Machining Variation Analysis
Winner of a 1997 R&D 100 Award for one of the 100 most technologically significant new products of the year

The Purpose of Machining Variation Analysis
Machining Variation Analysis (MVA) is a powerful technique for analyzing the accuracy of machine tools. It allows manufacturing engineers to predict the true shape of a manufactured part including the effects of random and systematic variation. Thus, MVA improves design and manufacturing practice by giving feedback on the effects of design decisions on the quality of manufactured parts.
What Machining Variation Analysis Does
Machining Variation Analysis allows the designer or operator of machine tools to simulate the production of specific parts on specific machines. The user provides information on the nominal geometry of the part, the construction of the machine, the shape of the cutting tool, and sources of error in the machine's operation. The sources of error can include machine parametric error, fixturing error, sensor noise, etc.
With these user specified parameters, MVA determines the exact shape of the part including all the consequences of the specified errors in machine operation. Using that shape, MVA based software can compute the expected values of any tolerances held on the part as defined in geometric dimensioning and tolerancing (GD&T) including size, location, and form.
Further, MVA allows the designer to assign statistical characteristics such as mean, standard deviation, and distribution shape, to random errors. This permits calculation of yield rates, quality loss, and process capability.
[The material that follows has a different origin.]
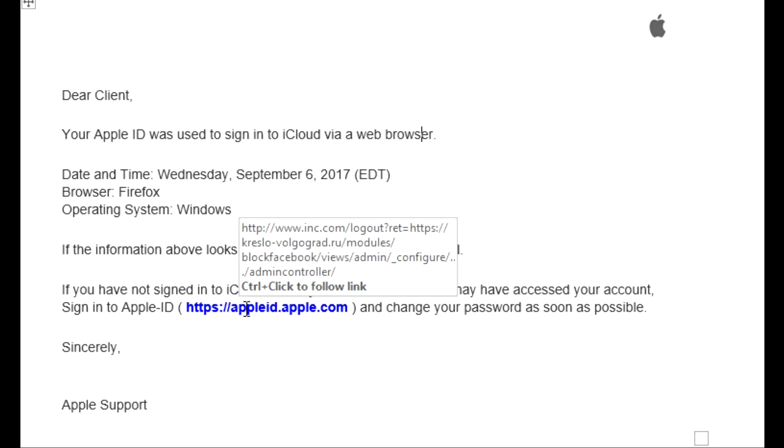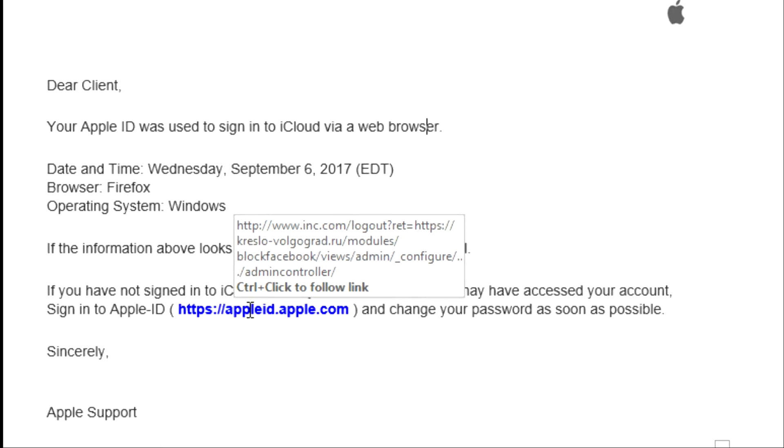Move your mouse over the link. See right there? HTTPSAppleID.Apple.com - that is a legitimate website that is there for Apple IDs.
How Machining Variation Analysis Works
Machining Variation Analysis models a machine tool as two chains of rigid bodies. One chain locates the workpiece, the other locates the cutting tool. MVA then animates this model, stepping through all the motions required to manufacture a specific part. MVA uses fundamentally new algorithms to precisely compute the swept envelope of the cutting tool as it moves with respect to the workpiece. Thus it can determine the exact part shape even for complicated tool paths of five axis machines. The unique swept envelope algorithm works even for complex cutting tool shapes such as those used in form grinding. To handle random errors, MVA creates a data base of "error signatures" for each source of error, then applies the Monte Carlo method to the data base. Thus, MVA can simultaneously handle systematic and random errors of any probability distribution.